Ainda tímido, no entanto, em determinado momento, comentou que sentia atração por pessoas do mesmo sexo e que não estava lidando bem com isso. Disse que buscava ajuda, pois já havia recorrido a explicações religiosas, científicas e culturais, mas nenhuma delas havia lhe trazido paz.

O momento em que o silêncio se rompe:

De fato, lembro-me como se fosse hoje: seus olhos marejados, o corpo encolhido na poltrona e o desconforto de quem fala sobre sua sexualidade pela primeira vez. Ele contou que havia planejado cuidadosamente o que diria naquela sessão e, em nenhum desses planos, havia considerado a possibilidade de falar sobre sua orientação sexual.

Ainda assim, de algum modo, sentiu-se seguro para expressar sua angústia e seu sofrimento.

O vínculo terapêutico e o processo de transformação:

A partir dali, começava a se construir um vínculo terapêutico que, ao longo do tempo, se tornaria um dos processos mais significativos que acompanhei em minha trajetória profissional.

Com o passar do tempo, após cerca de um ano e meio de terapia, com encontros semanais, os avanços foram consistentes. Ele passou a se conhecer melhor, desenvolveu novas habilidades e construiu caminhos mais alinhados ao seu bem-estar.

Escultura representando jovem saindo do armário com bandeira LGBTQIA+, simbolizando autoaceitação e sexualidade, tema abordado por Elídio Almeida, psicólogo em Salvador
Armários são para roupas; viver a própria sexualidade com autenticidade pode transformar a relação consigo mesmo e com o mundo.
Elídio Almeida, psicólogo em Salvador, especialista em terapia de casal e relacionamentos

“Armários são para roupas”: o significado por trás do presente

Em uma dessas sessões, chegou ao consultório com um embrulho cuidadosamente preparado. De dentro dele, retirou a obra artesanal que ilustra este post. Disse que era uma forma de agradecer por tudo o que havia conseguido desenvolver ao longo do processo terapêutico.

No objeto, repleto de significados, havia a representação de um garoto que rompe cadeados e correntes, sai do armário e assume, com orgulho, sua orientação sexual. Também estava presente a frase que dá título a este texto: “armários são para roupas…”, além de um laptop aberto em minha página no Facebook. Ele havia pensado em cada detalhe.

De fato, fiquei profundamente tocado. Hoje, esse presente ocupa um lugar especial em minha estante, ao lado de outros que também carrego como símbolos de histórias de transformação.

Os armários invisíveis que ainda aprisionam vidas:

Além disso, compartilhar esse caso não tem apenas a intenção de registrar um momento importante da minha prática profissional, mas também de provocar uma reflexão.

Ainda hoje, muitas pessoas vivem presas em armários simbólicos — familiares, religiosos, culturais, profissionais — que limitam suas possibilidades de existir de forma mais autêntica.

Por outro lado, esses armários sustentam, muitas vezes, vidas marcadas por medo, silêncio e sofrimento.

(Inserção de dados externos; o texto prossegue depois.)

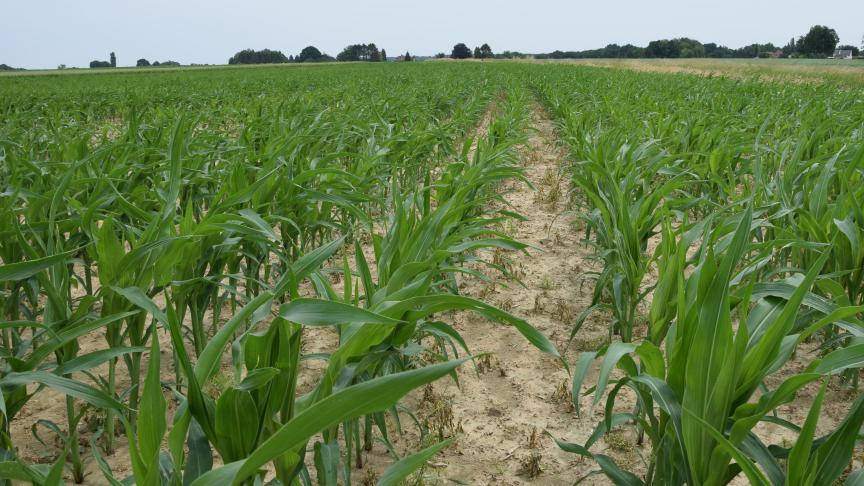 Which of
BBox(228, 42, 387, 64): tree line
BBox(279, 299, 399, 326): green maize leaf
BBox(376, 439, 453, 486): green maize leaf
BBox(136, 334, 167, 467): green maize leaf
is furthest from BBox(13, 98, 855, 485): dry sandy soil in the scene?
BBox(228, 42, 387, 64): tree line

Sexualidade, liberdade e construção de si:

Romper com essas estruturas exige coragem. Exige, sobretudo, compreensão — de si mesmo, da própria história e dos contextos que atravessam cada experiência.

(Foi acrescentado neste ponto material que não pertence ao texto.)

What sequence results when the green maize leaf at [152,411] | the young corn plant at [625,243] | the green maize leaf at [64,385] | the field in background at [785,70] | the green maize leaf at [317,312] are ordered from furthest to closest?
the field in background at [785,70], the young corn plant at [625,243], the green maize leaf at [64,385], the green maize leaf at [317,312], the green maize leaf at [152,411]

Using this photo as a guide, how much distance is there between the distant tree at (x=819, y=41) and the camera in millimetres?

E isso não se restringe à sexualidade. Vale também para traumas, medos, fobias e outros padrões que, quando não elaborados, mantêm a pessoa aprisionada em modos de vida que já não fazem sentido.

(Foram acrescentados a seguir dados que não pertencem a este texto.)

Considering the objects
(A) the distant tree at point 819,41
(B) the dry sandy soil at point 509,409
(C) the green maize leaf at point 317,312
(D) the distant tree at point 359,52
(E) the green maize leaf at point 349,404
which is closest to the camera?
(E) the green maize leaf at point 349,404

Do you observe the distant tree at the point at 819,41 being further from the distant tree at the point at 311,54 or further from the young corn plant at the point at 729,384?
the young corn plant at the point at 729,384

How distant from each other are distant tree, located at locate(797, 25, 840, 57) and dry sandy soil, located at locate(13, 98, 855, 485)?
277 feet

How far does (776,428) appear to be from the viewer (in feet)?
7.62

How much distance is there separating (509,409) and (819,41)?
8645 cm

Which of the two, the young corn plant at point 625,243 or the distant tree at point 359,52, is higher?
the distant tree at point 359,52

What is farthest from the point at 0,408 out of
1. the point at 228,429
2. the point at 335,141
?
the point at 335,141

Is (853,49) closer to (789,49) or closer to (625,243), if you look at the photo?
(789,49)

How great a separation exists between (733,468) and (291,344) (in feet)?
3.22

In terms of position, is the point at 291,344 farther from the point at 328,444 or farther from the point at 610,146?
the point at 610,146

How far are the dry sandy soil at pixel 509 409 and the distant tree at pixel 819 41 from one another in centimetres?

Nesse sentido, ao longo dos atendimentos, torna-se possível perceber que, quando alguém se permite olhar para si com mais profundidade, algo começa a mudar. A confiança se constrói, novas possibilidades surgem e a vida passa a ser vivida com mais coerência e menos sofrimento.

A psicoterapia, então, não oferece respostas prontas. Ela constrói caminhos.

E, muitas vezes, o primeiro passo não está em mudar quem se é — mas em deixar de esconder isso.

A ele, e a todas as pessoas que, de alguma forma, confiaram em meu trabalho, deixo aqui meu sincero agradecimento.

Ao rapaz, em especial, desejo que siga vivendo sua história com liberdade, autenticidade e orgulho de quem se tornou.